REQUIREMENT
Lines below starting with the line with "Electric Fryer French" and going on through the line with "Bill! #3001 RARE" must be output exactly; the rest of the records must be left out.

MATERIAL PROVIDED
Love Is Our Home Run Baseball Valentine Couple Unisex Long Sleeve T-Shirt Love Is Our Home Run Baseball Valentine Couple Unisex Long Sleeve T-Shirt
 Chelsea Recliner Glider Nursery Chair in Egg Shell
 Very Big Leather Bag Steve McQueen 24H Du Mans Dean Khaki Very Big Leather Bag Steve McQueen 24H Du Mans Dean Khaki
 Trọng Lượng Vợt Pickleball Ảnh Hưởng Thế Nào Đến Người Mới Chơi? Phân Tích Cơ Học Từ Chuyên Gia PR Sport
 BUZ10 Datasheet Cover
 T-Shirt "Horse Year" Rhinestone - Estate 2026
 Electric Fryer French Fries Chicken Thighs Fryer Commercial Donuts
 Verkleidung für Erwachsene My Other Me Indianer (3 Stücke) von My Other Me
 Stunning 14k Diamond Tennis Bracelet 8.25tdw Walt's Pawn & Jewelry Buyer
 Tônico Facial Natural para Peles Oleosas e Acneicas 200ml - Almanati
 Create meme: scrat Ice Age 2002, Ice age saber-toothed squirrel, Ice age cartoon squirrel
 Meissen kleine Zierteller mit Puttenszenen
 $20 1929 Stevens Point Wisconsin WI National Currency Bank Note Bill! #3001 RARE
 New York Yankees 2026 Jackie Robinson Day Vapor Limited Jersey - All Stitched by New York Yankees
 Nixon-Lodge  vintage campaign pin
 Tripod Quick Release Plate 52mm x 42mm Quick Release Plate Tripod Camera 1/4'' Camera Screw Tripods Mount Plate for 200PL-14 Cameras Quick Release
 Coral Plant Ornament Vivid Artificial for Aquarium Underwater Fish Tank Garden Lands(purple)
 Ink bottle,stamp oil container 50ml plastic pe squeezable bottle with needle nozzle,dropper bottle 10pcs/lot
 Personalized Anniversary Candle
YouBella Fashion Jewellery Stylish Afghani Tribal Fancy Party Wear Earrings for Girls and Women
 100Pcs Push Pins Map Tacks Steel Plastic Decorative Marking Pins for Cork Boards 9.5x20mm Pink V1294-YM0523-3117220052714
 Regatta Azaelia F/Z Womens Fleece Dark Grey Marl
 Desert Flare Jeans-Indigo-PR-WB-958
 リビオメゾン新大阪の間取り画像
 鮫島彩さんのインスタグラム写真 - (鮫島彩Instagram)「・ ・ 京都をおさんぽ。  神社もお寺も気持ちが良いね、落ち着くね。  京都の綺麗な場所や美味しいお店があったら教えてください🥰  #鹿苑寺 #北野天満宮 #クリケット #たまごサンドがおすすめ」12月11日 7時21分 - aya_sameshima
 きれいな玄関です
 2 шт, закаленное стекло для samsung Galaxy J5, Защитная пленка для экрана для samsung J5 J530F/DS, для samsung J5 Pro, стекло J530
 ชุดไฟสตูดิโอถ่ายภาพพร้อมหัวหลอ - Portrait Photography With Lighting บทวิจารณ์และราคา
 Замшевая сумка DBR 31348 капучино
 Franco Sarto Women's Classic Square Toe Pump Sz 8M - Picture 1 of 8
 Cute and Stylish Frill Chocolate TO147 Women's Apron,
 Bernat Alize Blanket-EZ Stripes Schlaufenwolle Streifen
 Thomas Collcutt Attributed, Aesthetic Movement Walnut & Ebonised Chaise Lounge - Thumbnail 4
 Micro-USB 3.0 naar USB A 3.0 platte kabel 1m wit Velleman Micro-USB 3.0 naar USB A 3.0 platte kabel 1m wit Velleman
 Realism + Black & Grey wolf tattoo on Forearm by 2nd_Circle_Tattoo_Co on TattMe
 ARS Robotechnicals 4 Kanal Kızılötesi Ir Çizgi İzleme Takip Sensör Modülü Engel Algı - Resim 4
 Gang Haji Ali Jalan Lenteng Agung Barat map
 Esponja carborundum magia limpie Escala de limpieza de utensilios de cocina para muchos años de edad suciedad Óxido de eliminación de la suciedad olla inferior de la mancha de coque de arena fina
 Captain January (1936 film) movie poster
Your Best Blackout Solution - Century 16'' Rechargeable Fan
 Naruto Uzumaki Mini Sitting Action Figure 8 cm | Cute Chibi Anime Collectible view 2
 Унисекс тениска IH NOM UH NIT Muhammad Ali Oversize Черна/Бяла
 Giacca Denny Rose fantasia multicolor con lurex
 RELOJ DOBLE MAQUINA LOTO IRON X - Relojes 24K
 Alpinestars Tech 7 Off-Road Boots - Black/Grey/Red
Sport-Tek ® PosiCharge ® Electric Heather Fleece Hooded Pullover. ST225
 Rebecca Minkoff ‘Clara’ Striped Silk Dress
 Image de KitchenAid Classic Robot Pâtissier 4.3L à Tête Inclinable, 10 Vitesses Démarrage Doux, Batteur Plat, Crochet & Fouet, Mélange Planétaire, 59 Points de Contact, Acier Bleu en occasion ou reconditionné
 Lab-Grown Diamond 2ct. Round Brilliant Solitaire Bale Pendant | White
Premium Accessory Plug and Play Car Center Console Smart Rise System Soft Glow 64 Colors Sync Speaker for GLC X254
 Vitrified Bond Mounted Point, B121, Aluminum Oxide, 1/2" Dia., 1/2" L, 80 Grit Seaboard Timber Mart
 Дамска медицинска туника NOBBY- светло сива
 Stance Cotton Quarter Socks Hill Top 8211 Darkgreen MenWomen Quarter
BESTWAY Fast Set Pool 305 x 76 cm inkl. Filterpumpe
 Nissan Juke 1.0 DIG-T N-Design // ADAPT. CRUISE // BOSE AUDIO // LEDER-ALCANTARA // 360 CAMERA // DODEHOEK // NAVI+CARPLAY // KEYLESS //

RESULT OF THE TASK
 Electric Fryer French Fries Chicken Thighs Fryer Commercial Donuts
 Verkleidung für Erwachsene My Other Me Indianer (3 Stücke) von My Other Me
 Stunning 14k Diamond Tennis Bracelet 8.25tdw Walt's Pawn & Jewelry Buyer
 Tônico Facial Natural para Peles Oleosas e Acneicas 200ml - Almanati
 Create meme: scrat Ice Age 2002, Ice age saber-toothed squirrel, Ice age cartoon squirrel
 Meissen kleine Zierteller mit Puttenszenen
 $20 1929 Stevens Point Wisconsin WI National Currency Bank Note Bill! #3001 RARE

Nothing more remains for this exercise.